Ainda sentia dor e estava levemente entorpecida. Tinha um médico e uma enfermeira ao meu lado e dois homens engravatados – que depois vim descobrir que eram assistentes sociais. Eles mantinham conversas paralelas sobre a sorte que eu tive e sobre meu caso clínico. Pelo que pude entender, tive uma contusão na cabeça, desloquei o ombro esquerdo, fraturei duas costelas, e tive inúmeras escoriações. Mantiveram-me dopada por analgésico em coma induzido para que eu conseguisse me recuperar. Haviam tirado os medicamentos que me induziam ao coma, mas mantiveram analgésicos fortíssimos para aliviar a dor, mesmo assim, uma leve dor ainda persistia em meu corpo.

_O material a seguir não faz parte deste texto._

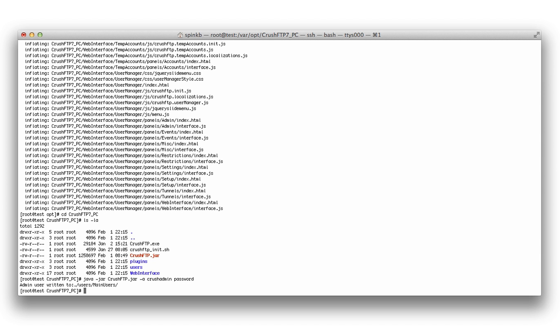Now we have our admin user and we can start up the CrushFTP process. Now we can start our server and connect with our web browser to manage the server.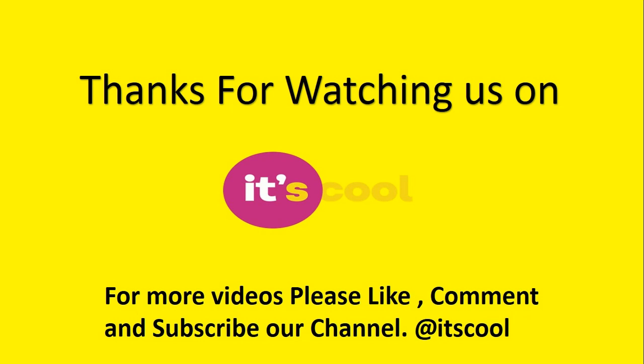It's Cool! For more updates, don't forget to subscribe to our channel and press the bell.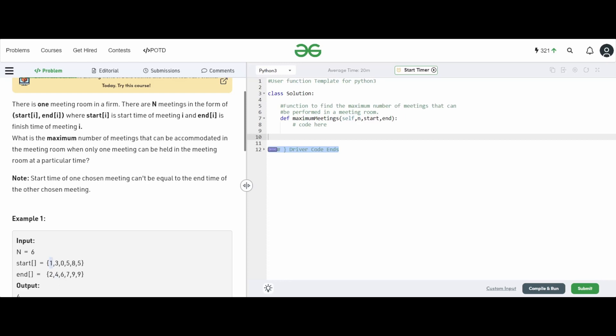For example, if we have meetings from one to two and three to four, the end time of the first meeting is not overlapping with the start time of the second. So we can finish the first meeting in one hour, and then have another meeting from three to four. But for the zero-to-six meeting, it blocks six hours during which we could fit two other meetings. So it doesn't make sense to take that long meeting — we'd rather have two smaller meetings instead.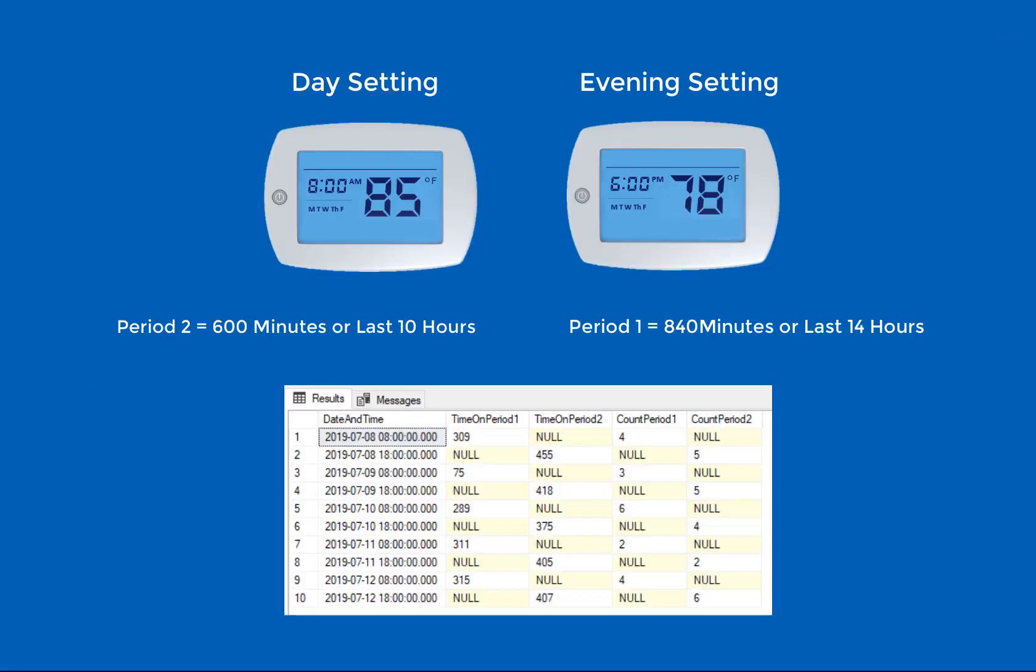If we program our air conditioner to 85 degrees on weekdays while we are at work, and 78 degrees in the evenings when we come home, we could use the data logging feature of OAS to log the period 1 values every weekday at 6 p.m. and the period 2 values every weekday morning at 8 a.m. This way, we could analyze over time how long the air conditioner ran during each day and how long it ran each night.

O médico fazia perguntas para testar meu raciocínio e de acordo com as respostas que eu dei, estava tudo bem. Ele – Dr. Charles Ribeiro – comentava com os outros da sala meu progresso nos últimos dias.
Quando me enchi das avaliações clínicas e das conversas, fiz a pergunta que aparentemente, ninguém queria responder.
Minha boca estava seca e minha voz parecia que iria falhar, mesmo assim prossegui:
- O... – limpei a garganta surpreendendo-me por ser tão ruim falar – Onde estão meus pais? – meus músculos doíam a cada palavra.
Naquela altura do campeonato, já imaginava que tinha acontecido um acidente. Se eu estava daquele jeito, como eles estavam?
Ninguém respondeu a pergunta, tornei a falar. Minha voz estava fraca e sem forças, se quebrando nas palavras, mas a preocupação em meu coração era maior.
- O.... Onde eles estão? Eles estão bem?
Aquele silêncio... Ouve uma troca de olhares entre o médico e os engravatados.
Tentei me levantar da cama em busca de respostas e me arrependi no mesmo instante! As minhas costas arderam como brasa, a dor que estava fraca intensificou.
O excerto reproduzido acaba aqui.